A year is a long time in insurance broking. It is also, apparently, how long Price Forbes is prepared to wait for the right person.
The firm has appointed Darren Ting as managing director of a new Real Estate and Heavy Industry practice serving multinational clients, in one of the London market's more eye-catching senior hires this year.
Ting joins from Arthur J. Gallagher, where he was most recently managing director, following earlier roles at Willis and Aon spanning three decades. He will report to Chris Rider, chief executive of Price Forbes's property division, and will be responsible for building the new multinational proposition from scratch.

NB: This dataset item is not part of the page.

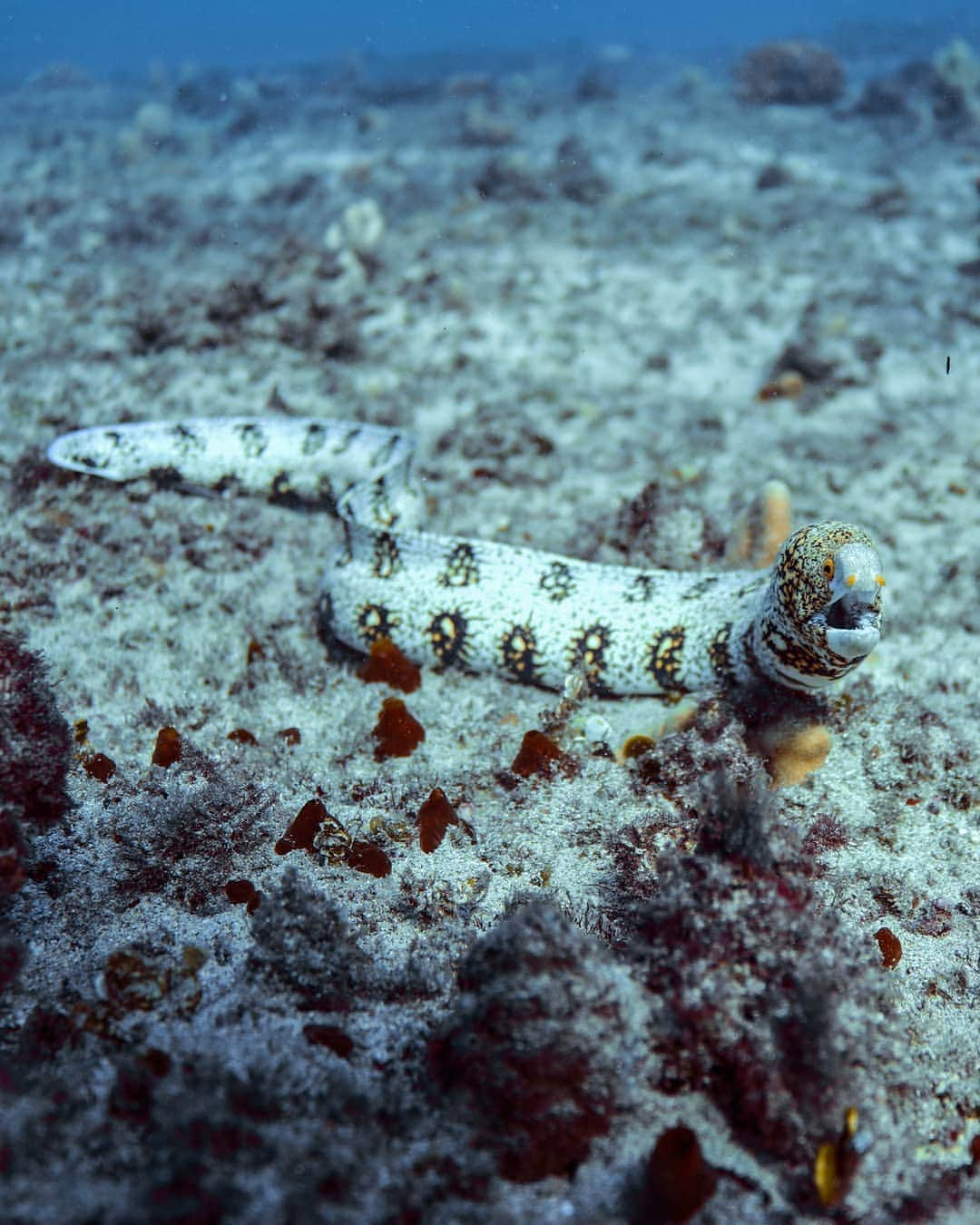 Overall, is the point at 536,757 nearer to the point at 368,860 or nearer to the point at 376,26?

The unusual detail is the timing. Ting's start date is June 2027, nearly a year after the appointment was announced. Price Forbes has not said why, but a gap of that length between a senior broker's departure and their arrival at a new firm is typically the result of a lengthy non-compete or garden-leave clause. Insurance Business has approached Price Forbes and Gallagher for comment on the terms of the move.
Price Forbes, founded in London in 1893, is part of Ardonagh Specialty and describes itself as running one of the largest property divisions in the London market, covering everything from national real estate portfolios to hard-to-place industrial risk. Rider said Ting's experience across "some of the market's most demanding sectors" made him "an outstanding addition" to the firm, and that he expected the new practice to build a strong reputation quickly.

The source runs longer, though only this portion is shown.